Analisa tata bahasa juga menuntut kita untuk memperhatikan urutan kata dalam suatu kalimat. Hal ini tidak terelakkan dalam studi bahasa Alkitab, terutama dalam Bahasa Yunani. Kalimat Yunani tidak mengikuti pola subyek – predikat – obyek, karena fungsi kata dalam kalimat (sebagai subyek atau obyek) tidak dideteksi melalui posisi mereka terhadap kata kerja (sebelum kata kerja = subyek, sesudah kata kerja = obyek), melainkan dari bentuk tata bahasa (morfologi) mereka. Di manapun sebuah kata benda diletakkan, penafsir yang terlatih dalam Bahasa Yunani akan mampu mengetahui fungsi itu dalam kalimat.

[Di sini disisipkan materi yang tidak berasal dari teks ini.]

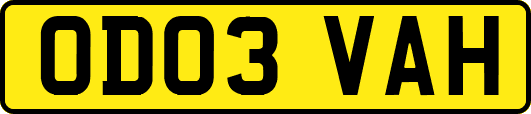 OD03VAH
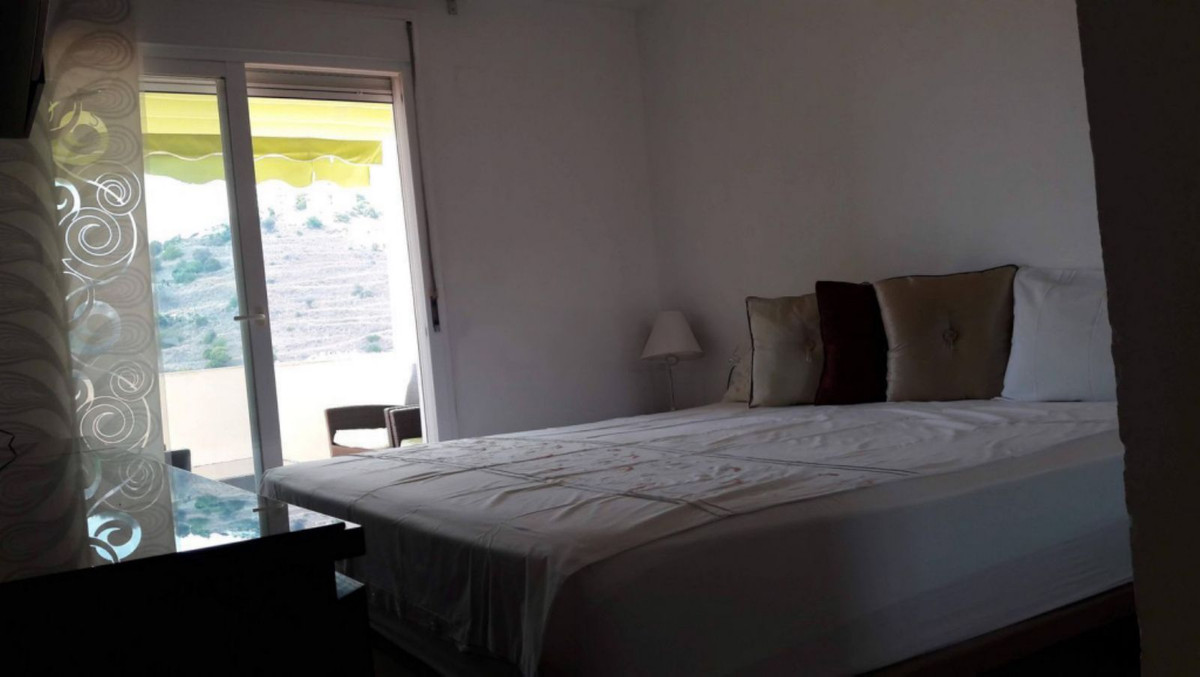 4 Bed Apartment for sale in Benalmadena Costa Del Sol, Málaga, Spain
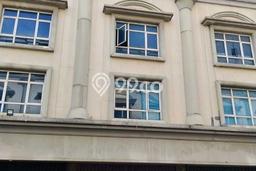 Unit Ruko Dijual di Jakarta Barat LT 68m2 & LB 150m2 Unit Ruko Dijual di Jakarta Barat LT 68m2 & LB 150m2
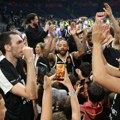 Poklon za navijače: Partizan poklanja besplatan ulaz na početku KLS-a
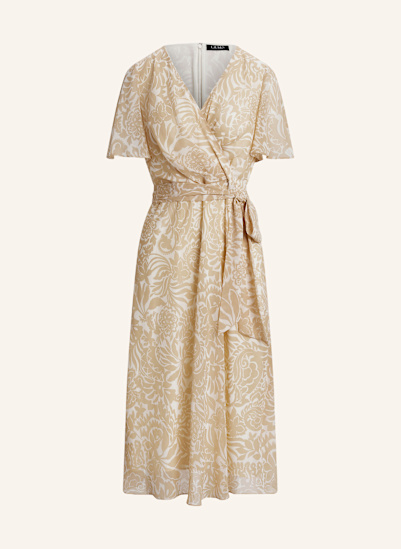 LAUREN RALPH LAUREN Kleid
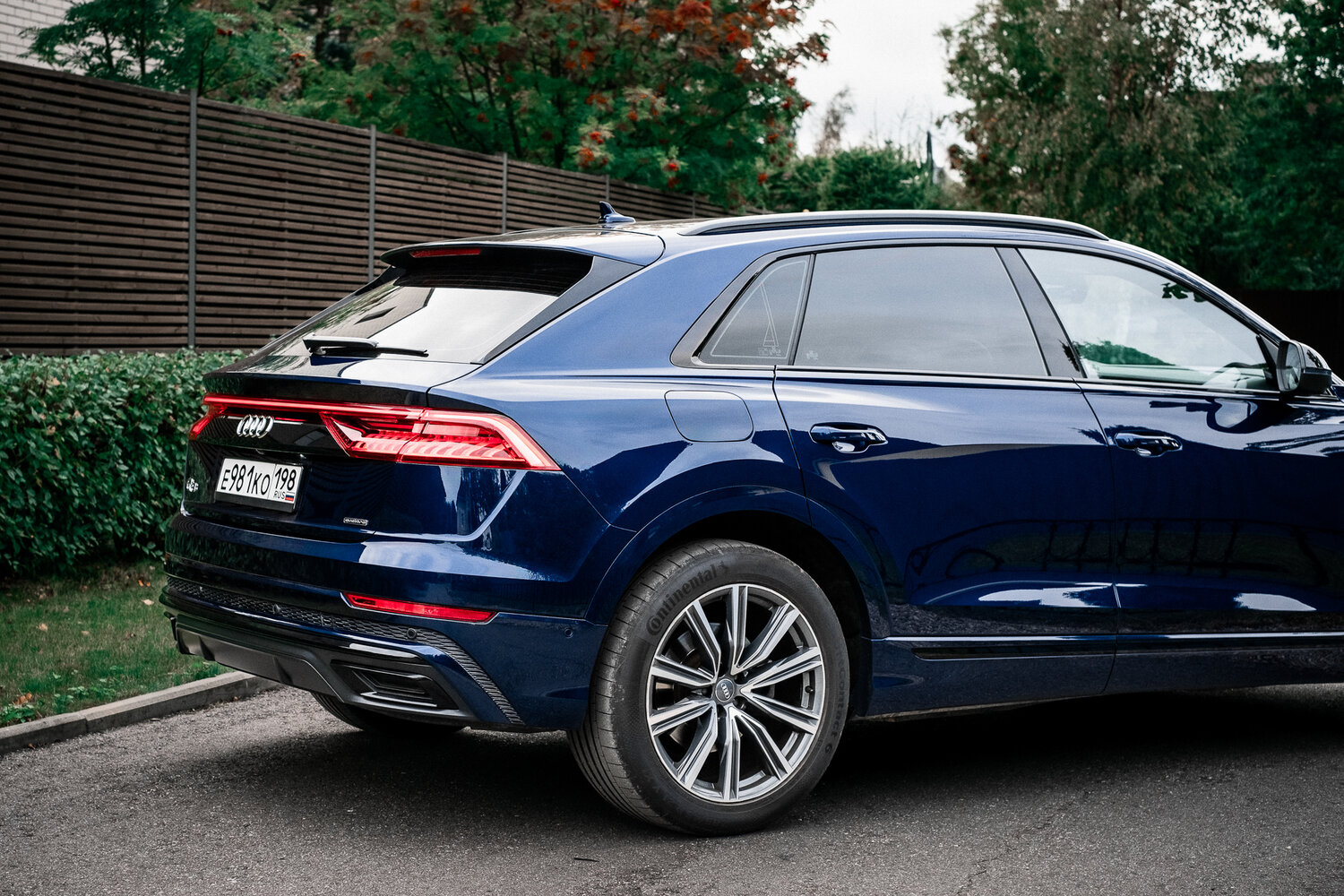 ауди q 8, ауди ку 8, audi q 8 2019, ауди q 8 2019, Audi Q7 II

Dengan kata lain, penulis Alkitab – sama seperti penulis kuno Yunani lainnya - memiliki kebebasan yang sangat besar untuk mengatur kalimatnya sesuai dengan yang ia inginkan. Pada saat seorang penulis meletakkan sebuah kata di awal kalimat kalimat, hal itu seringkali menunjukkan penekanan yang ia ingin sampaikan kepada pembaca. Dalam contoh sebelumnya di 1 Petrus 5:7 kata ‘segala kekuatiran’ sengaja diposisikan di awal kalimat untuk menyampaikan pesan bahwa yang penting bukan cuma tindakan kita terhadap kekuatiran (menyerahkannya kepada Allah) tetapi juga kuantitas dari kekuatiran yang diserahkan (segalanya). Kita didorong untuk menyerahkan ‘segala kekuatiran’ kita.
Aspek sintaks yang lain yang tidak kalah penting adalah pemunculan sebuah subyek secara eksplisit. Sebagaimana sudah disinggung sebelumnya, sebuah kata kerja Yunani sudah menyiratkan subyek dan tindakan. Tanpa tambahan subyek secara terpisah pun, pembaca sudah bisa mendeteksi subyek yang ada di sebuah kata kerja. Apabila seorang penulis masih menambahkan kata khusus sebagai subyek, hal itu pasti bukan tanpa tujuan. Ia mau menunjukkan penekanan atau penegasan. Ia ingin menunjukkan nilai penting dari subyek tersebut.
Contoh yang paling populer adalah ucapan Tuhan Yesus di Yohanes 14:6 “Akulah jalan dan kebenaran dan hidup”. Dalam teks Yunani ucapan ini didahului dengan subyek khusus, yaitu egō, dan diikuti oleh kata kerja eimi yang sudah memiliki arti ‘Aku adalah’. Jika diterjemahkan secara hurufiah, kalimat ini terlihat sebagai berikut: “Aku, Aku adalah jalan itu dan kebenaran itu dan kehidupan itu”. Pemunculan kata egō dimaksudkan untuk memberi penekanan bahwa “Aku [dan hanya Aku] adalah jalan itu dan kebenaran itu dan kehidupan itu”. Tidak heran di bagian selanjutnya Tuhan Yesus menambahkan ‘tidak ada seorang pun yang dapat datang kepada Bapa kalau tidak melalui Aku” (ayat 6b).